Why do people change?
How do people change?
What can staff do to increase a client’s levels of coping and resilience?
New meta-analysis makes the claim “responsive interventions rule” and this keynote address will outline how increasing the “readiness to change” and constructing a “culture of resilience” can improve the programming of helping organizations.
Consider that a problem exists within the traditional problem solving model. Problem focused (problem solving) models dominate the helping professions. Helping staff who use this approach can be easily duped into the “error of error correction” where more attention is paid to what brought the fall rather than what the person/family needs to do to get up and get going again. It has been said that the most overlooked and wasted resource in helping efforts are the capabilities and strengths of individuals and their families. Focusing on the problem and trying to “fix it” creates obstacles in our work. What is wrong, what is missing and what is abnormal keeps our attention while strengths and healthy patterns are passed over and ignored.

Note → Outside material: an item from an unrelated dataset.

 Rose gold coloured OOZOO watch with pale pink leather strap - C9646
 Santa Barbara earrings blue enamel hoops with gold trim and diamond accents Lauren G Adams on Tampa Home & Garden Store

This keynote address will review strength-based interventions which build solutions in a very different manner than deficit-based programming. Join this address for a better understanding of why a “balanced” investigation (one that seeks problems and resources, failure and successes) become the most effective inquiry for composing interventions. This keynote will also review new groundbreaking research from treatment outcome studies that focused on the ingredients to positive behavior change. This research lends optimism and direction to our direct-practice efforts!